Al poco tiempo, Pamela y Hayley salieron del comedor y, seguidas de Callie, se dirigieron hacia el lago. Callie abrió su caballete y Hayley y Pamela se sentaron en la hierba, disfrutando de la cálida brisa y de una paz y un silencio poco habituales y bien recibidos, gracias a la ausencia de los chicos.

– ¿Te hace ilusión ir a la fiesta de Lorelei Smythe? -preguntó Pamela, arrancando una larga brizna de hierba y jugueteando con ella entre los dedos.

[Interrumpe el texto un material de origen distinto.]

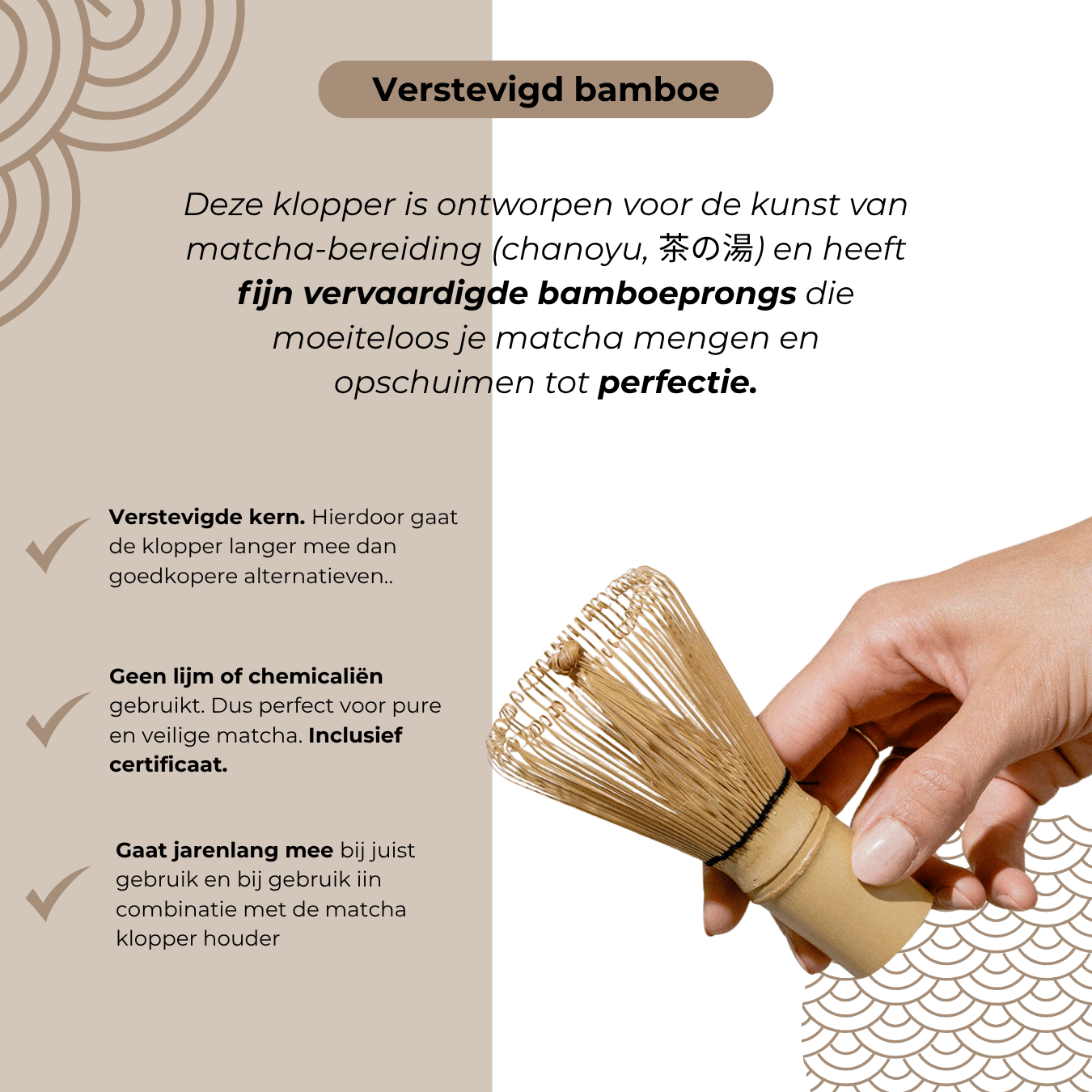 Versterkte bamboe chasen uitleg uit matcha set zwart aardewerk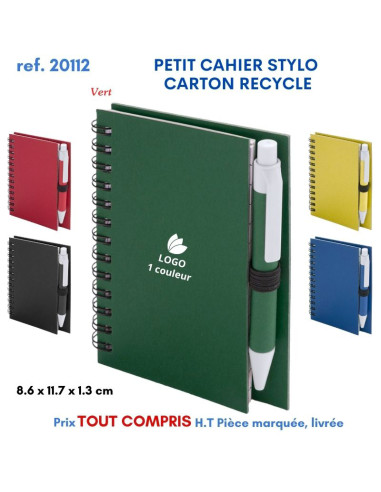 PETIT CAHIER 8.6 x 11.7 cm STYLO CARTON RECYCLE REF 20112 20112 Carnet personnalisé  2,50 €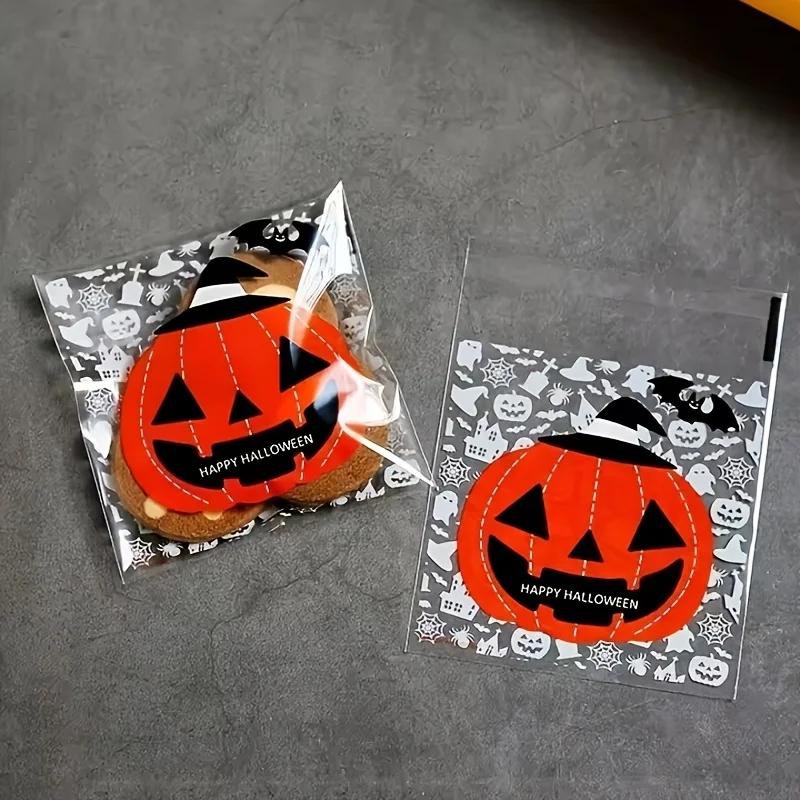 Halloween Cookie Packaging Bags 10CM*10CM Baking DIY Transparent Candy Gift Bag For Happy Halloween Theme Party Favors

Hayley puso mala cara y miró al cielo.

– Antes preferiría bañar a Stinky. Cada vez que me la encuentro, esa mujer me hace sentir como una gran intrusa, aparte de torpe, maleducada y que está de más. -Dirigió una mirada de reojo a Pamela-. Por supuesto, haré el sacrificio de soportar su compañía por ti. Nunca te negaría el placer de asistir a la fiesta, sobre todo teniendo en cuenta que asistirá un joven y apuesto médico.

Las mejillas de Pamela se sonrojaron intensamente.

– Oh, Hayley, casi me muero de vergüenza cuando Marshall me vio el otro día en el lago con el aspecto de un gato ahogado. Sabe Dios lo que debió de pensar de mí.

– No podía quitarte los ojos de encima -le aseguró Hayley.

– No podía creerse que estuviera tan horrible.

– No podía creerse cómo podías estar tan hermosa, incluso calada hasta los huesos y vestida con una vieja sábana.

– ¿Lo crees realmente? -preguntó Pamela con los ojos esperanzados.

– Es tan evidente que te adora, Pamela, que hasta Grimsley se ha dado cuenta, sin tener que ponerse las gafas. Confía en mí. Marshall Wentbridge está loquito por ti. -«Y pronto estarás felizmente casada, llevando una vida normal, lo que más deseo para ti.»

Pamela se abrazó a sí misma y emitió un hondo suspiro.

– Ay, hermanita, espero que tengas razón. Es el hombre más maravilloso. Tan atento y tan apuesto. Me deja… -Su voz se fue desvaneciendo poco a poco.

– ¿Sin aliento? -Hayley completó la frase que su hermana había dejado a medias.

– Exactamente.

– Y se te acelera el pulso, se te desboca el corazón y apenas puedes pensar con claridad cuando él está cerca -susurró Hayley con dulzura, mientras dejaba vagar la imaginación. Una cascada de imágenes de Stephen la asaltó súbitamente: Stephen sosteniendo un hilo de pescar del que colgaban peces, Stephen riéndose, Stephen inclinándose sobre ella para besarla…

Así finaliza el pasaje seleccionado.